The only Russian gallery at the fair this year is Regina Gallery (hall 2.1, stand K21). Founded in 1990 by Regina and Vladimir Ovcharenko, it is known as one of the pioneers in contemporary art in Moscow. Although the gallery's work is still oriented towards highlighting young and promising Russian artists, by opening a branch in London in 2010 they've supplemented their exhibition program with works by international artists. This time, the gallery's stand at Art Basel will feature the voo-doo-like masks of Evgeny Antufiev, Sergei Bratkov's photographs, and Sergei Zarva's collages, among other artists and their works.

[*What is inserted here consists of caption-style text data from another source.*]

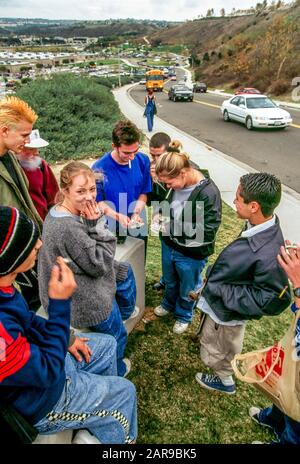 High school students smoke on the street outside their school after class in Aliso Viejo, CA. Note school bus in background. Stock Photo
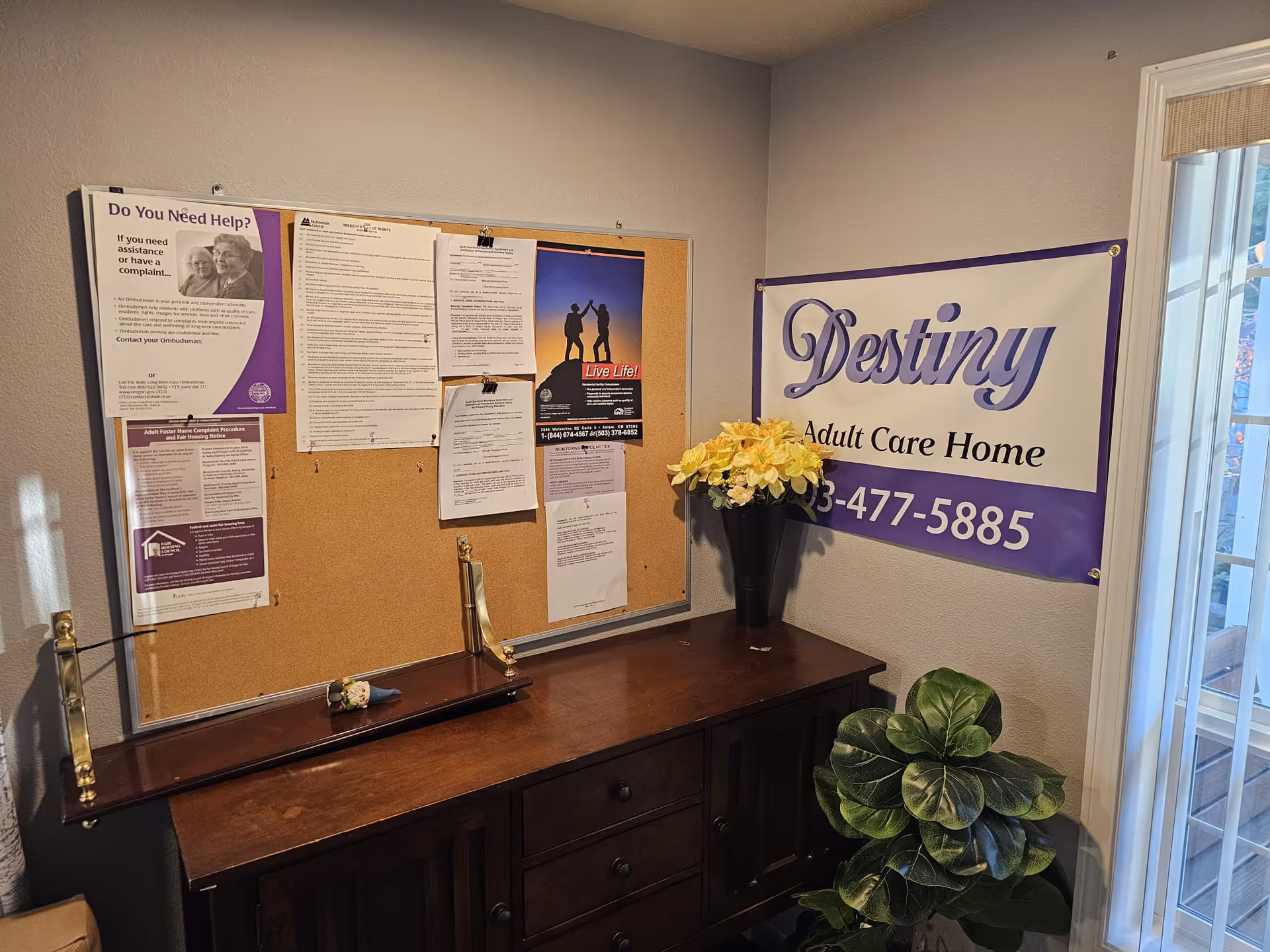Interior office area with bulletin board, Destiny Adult Care Home banner, and a potted plant.
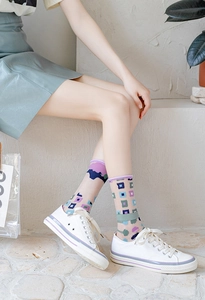 Detail of sheer mesh crew socks featuring colorful geometric patterns and slouchy ankle style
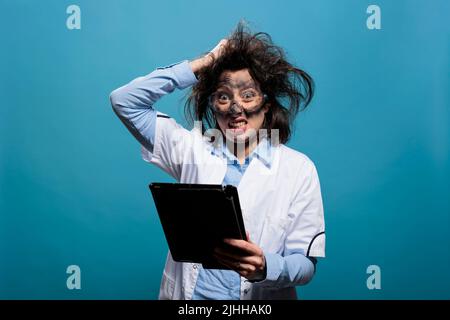 Un scientifique fou tire ses cheveux désordonnés après un échec de l'expérience chimique tout en ayant une tablette moderne. Travailleur de laboratoire lunatique avec écran tactile et visage sale enragé après l'explosion. Banque D'Images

Alongside the jam-packed Art Basel program, art-lovers have the opportunity to visit the smaller satellite art fairs also being held this week; their merchandise and atmosphere is in stark contrast with those of the prominent Basel fair. This is a chance to see the latest trends in contemporary art from a different viewpoint; oftentimes, this is where future sought-after artists debut their portfolios.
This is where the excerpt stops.